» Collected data
^^^^^^^^

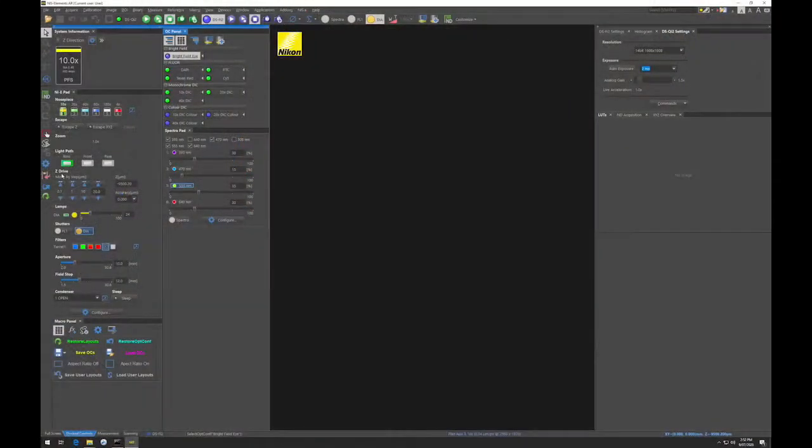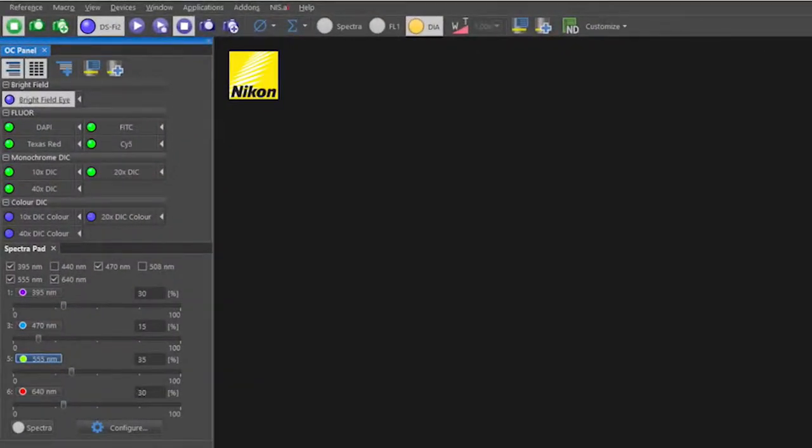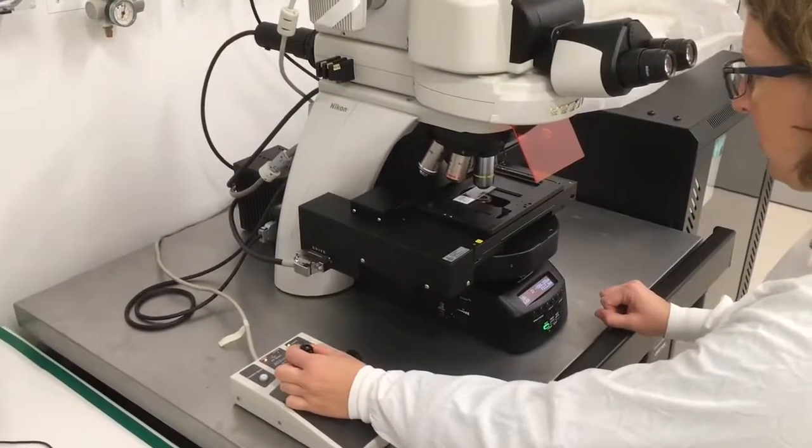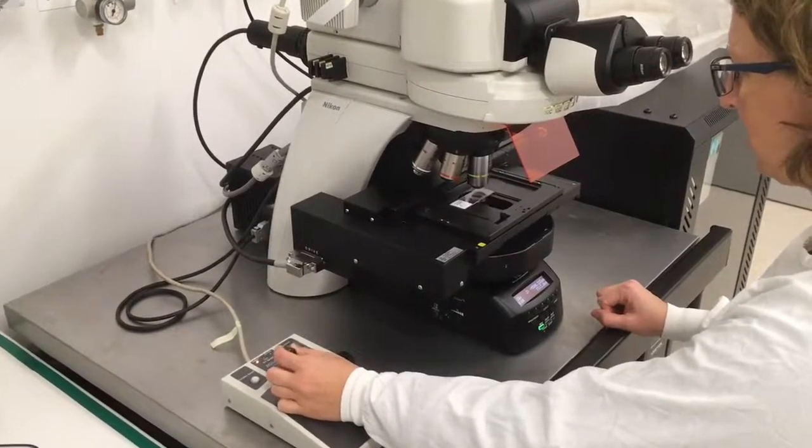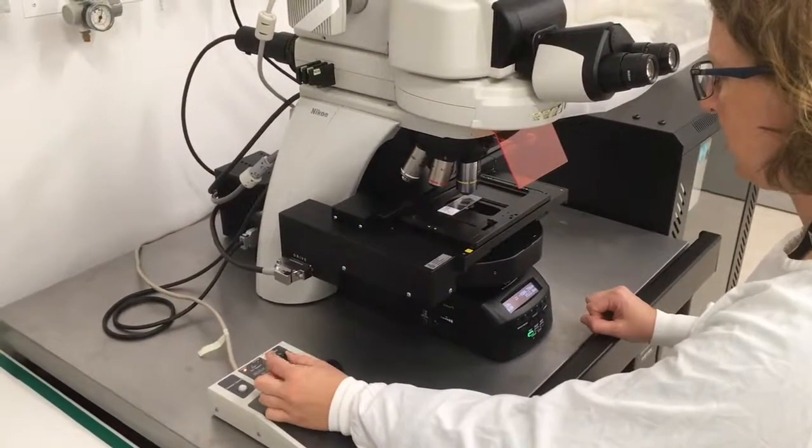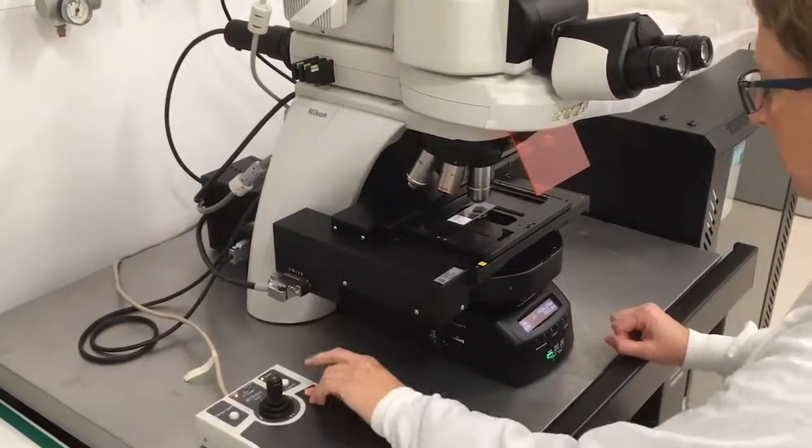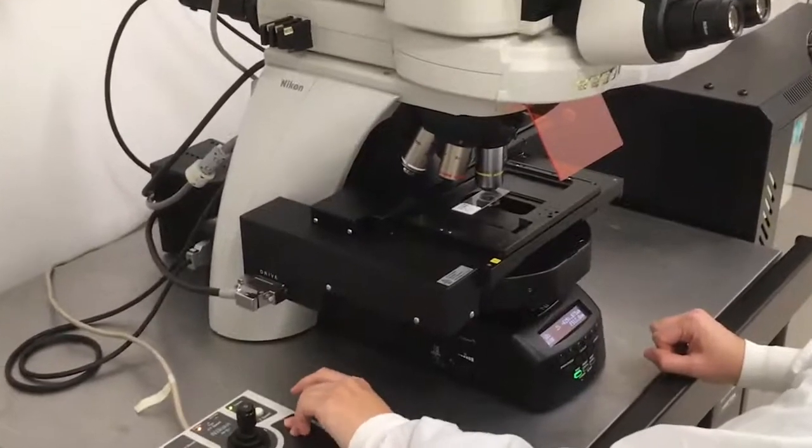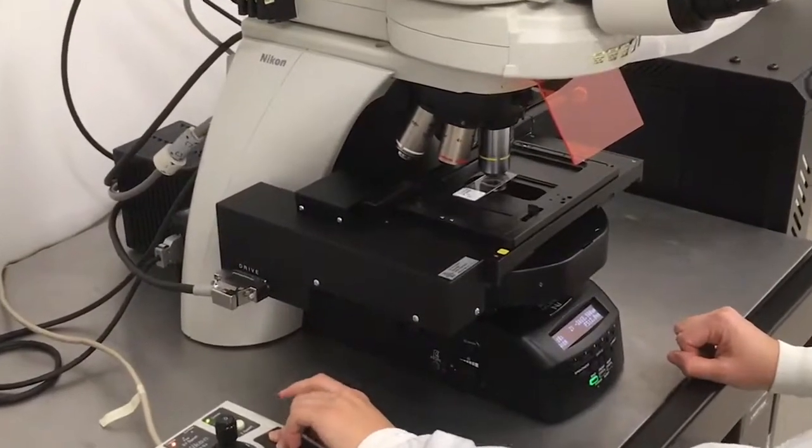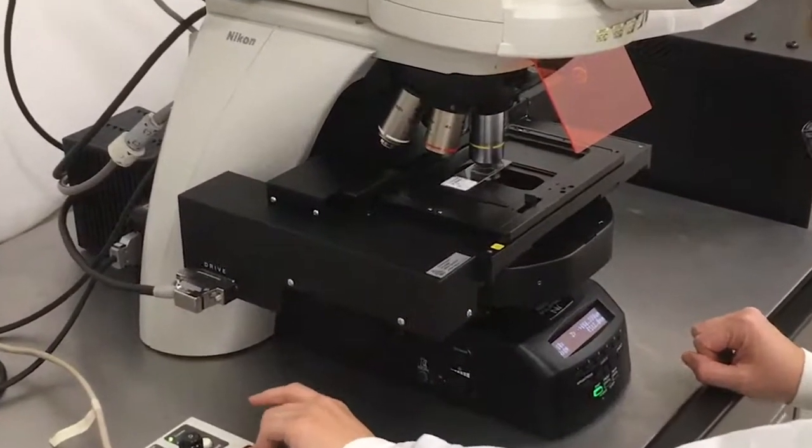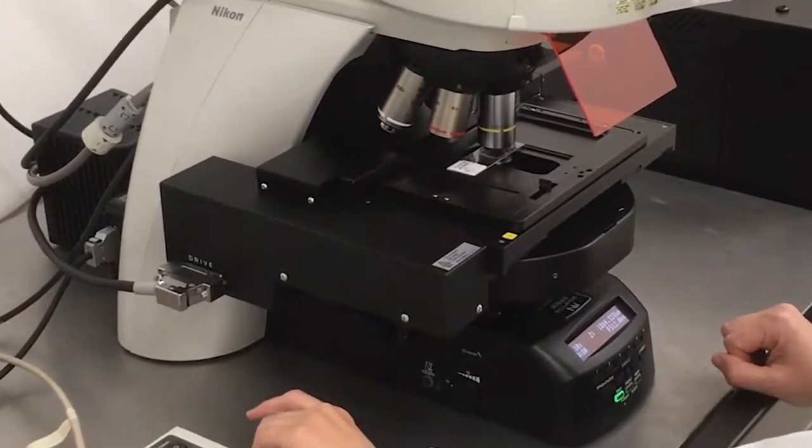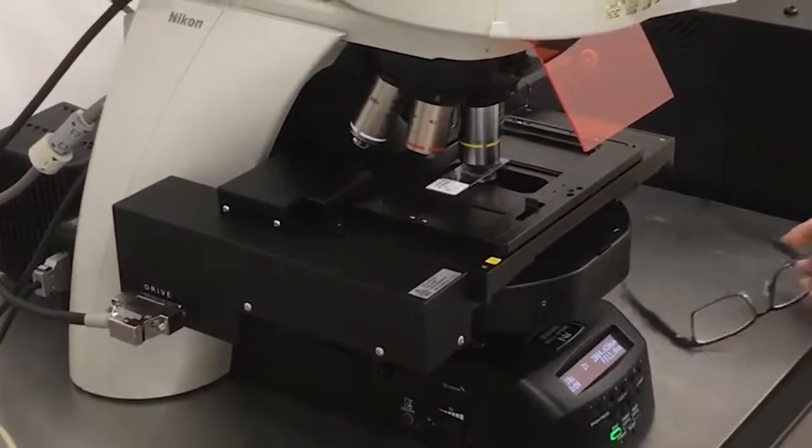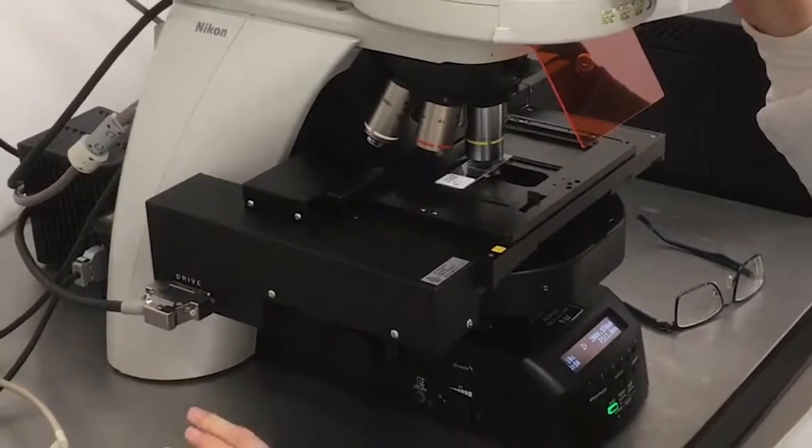Once your sample is on the stage, focus on the sample using Brightfield. To do this, choose the Brightfield IOC. Then use the joystick to move the sample all the way up to the top of the stage range. The 4x and 10x objectives have a large enough working distance that the top of the stage range will not crash into the objective and break the slide. This is not true of the other lenses and the reason why we start with 4x or 10x.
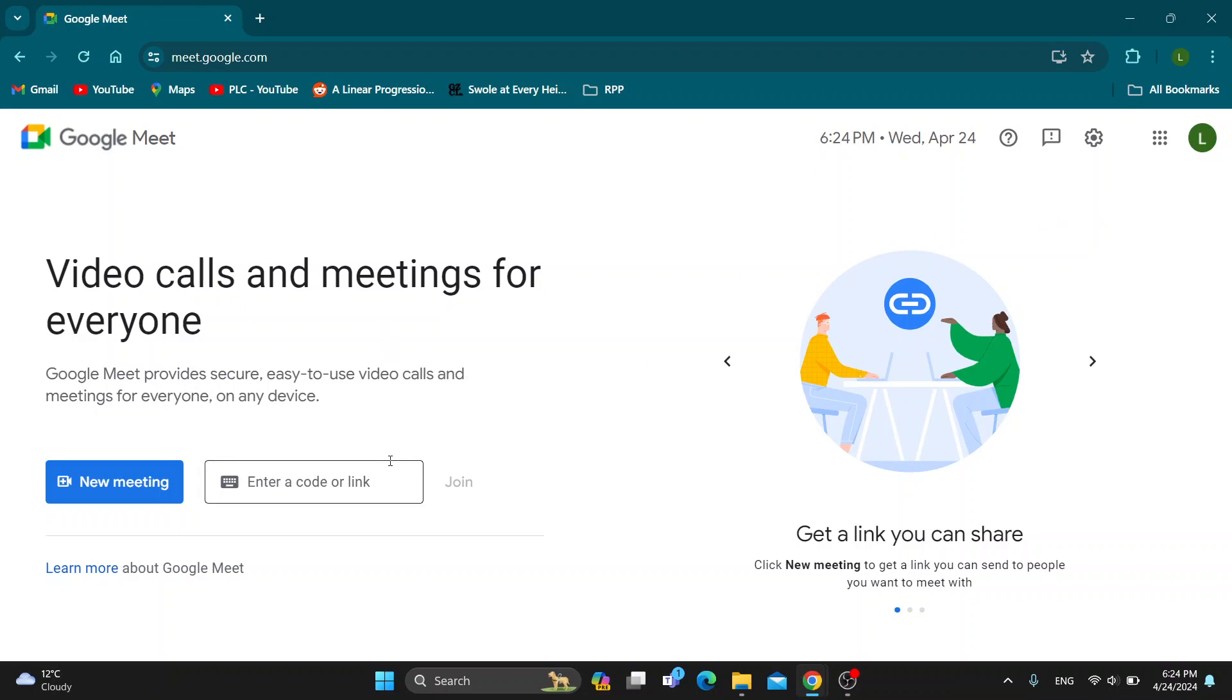After logging in, you'll be greeted by this main page which is the home page of Google Meet, where you can get started with a new meeting, enter a code or link to join, and so on. Let's go ahead and see how you get started using the Jamboard.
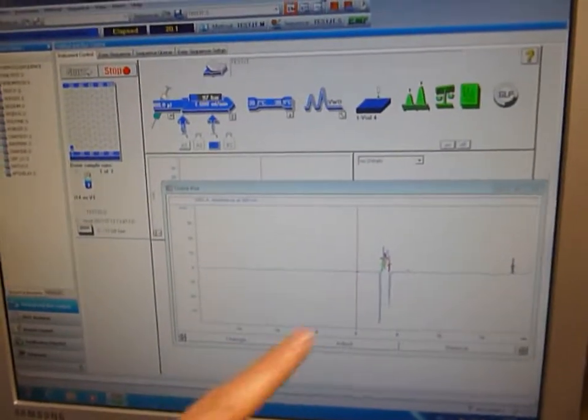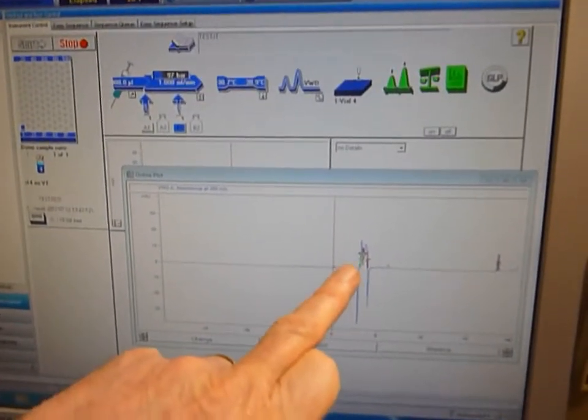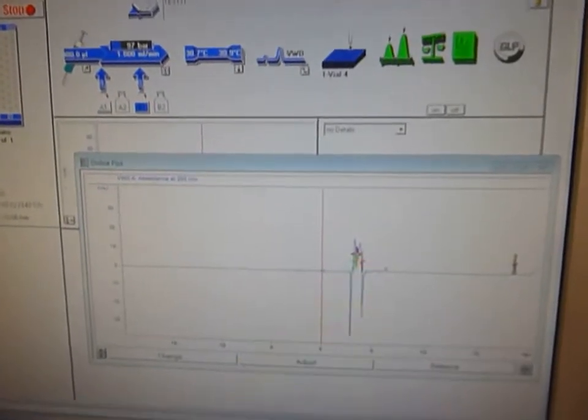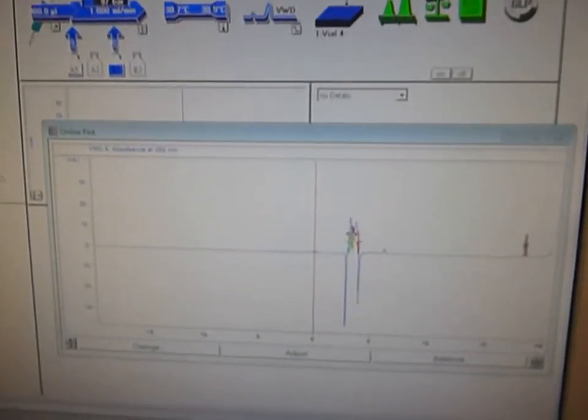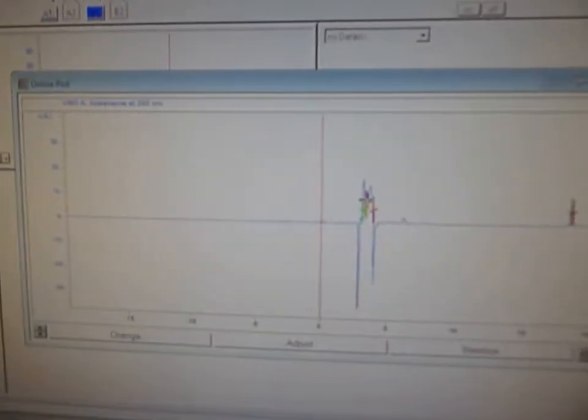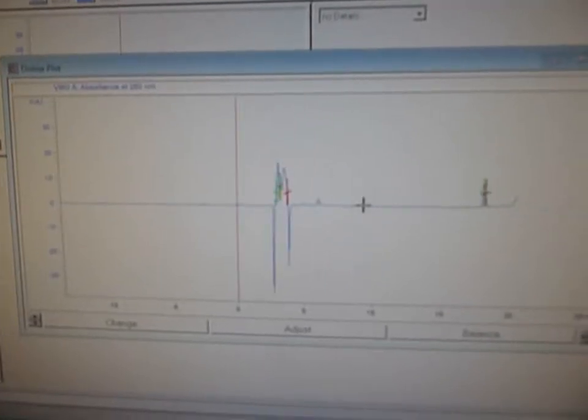And you can see the green light there is the start of the fraction collection and the red light there marks the end of the fraction collection.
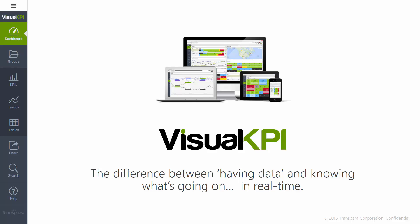Welcome to a brief introduction to Visual KPI from Transpara. I'll start with a quick overview of the basic functionality.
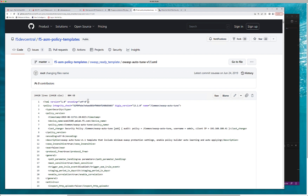You can commit changes and version this policy. For example, here's a version 1.1 policy. When you're ready to attach, associate, or pull that policy, that is when you execute a declarative API call to BIG-IP to consume that policy. We're using automation to configure BIG-IP and associate and pull the correct policy.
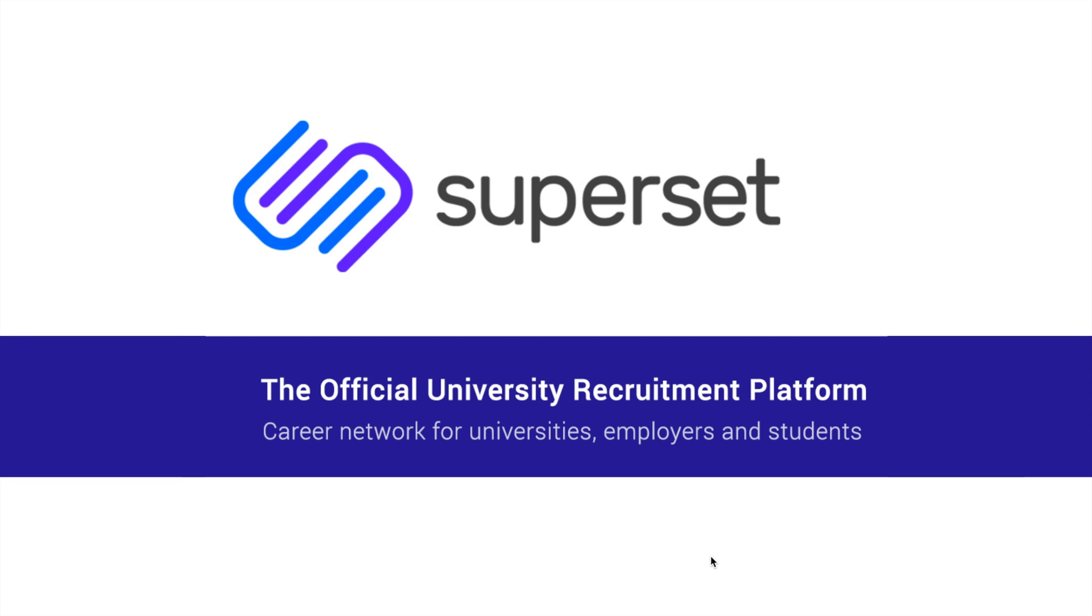Welcome to Superset, where the best talent meets the right set of opportunities. If you are using Superset to apply for a job, you are at the right place.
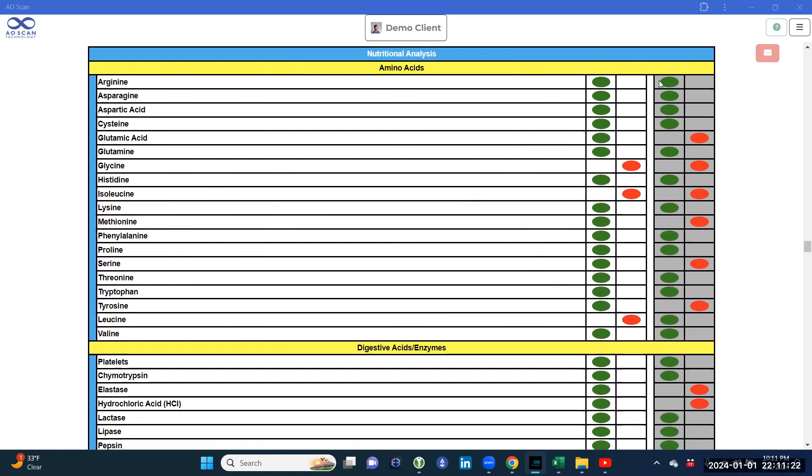Greens mean that the biomarker is optimized and in balance. Green and red is an indication that on the cellular level, those frequencies are fluctuating frequently and that's being recorded. Double red, if you see a double red on several reports, this is an indication that you may need to take heed as to that corresponding body biomarker.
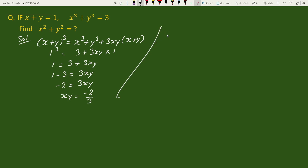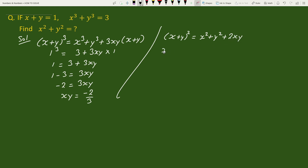Now we also know the expansion of x plus y whole square equals x squared plus y squared plus 2xy. So we can write x squared plus y squared equals x plus y whole square minus 2xy.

^^^^^^^^

» TASK DESCRIPTION
Look above for the line with "After logging in, you'll" and the line with "Welcome to a", then copy them and all lines in between exactly as written, and only those, without any pictures.

» RESULT OF THIS TASK
After logging in, you'll be greeted by this main page which is the home page of Google Meet, where you can get started with a new meeting, enter a code or link to join, and so on. Let's go ahead and see how you get started using the Jamboard.
And you can see the green light there is the start of the fraction collection and the red light there marks the end of the fraction collection.
Welcome to a brief introduction to Visual KPI from Transpara. I'll start with a quick overview of the basic functionality.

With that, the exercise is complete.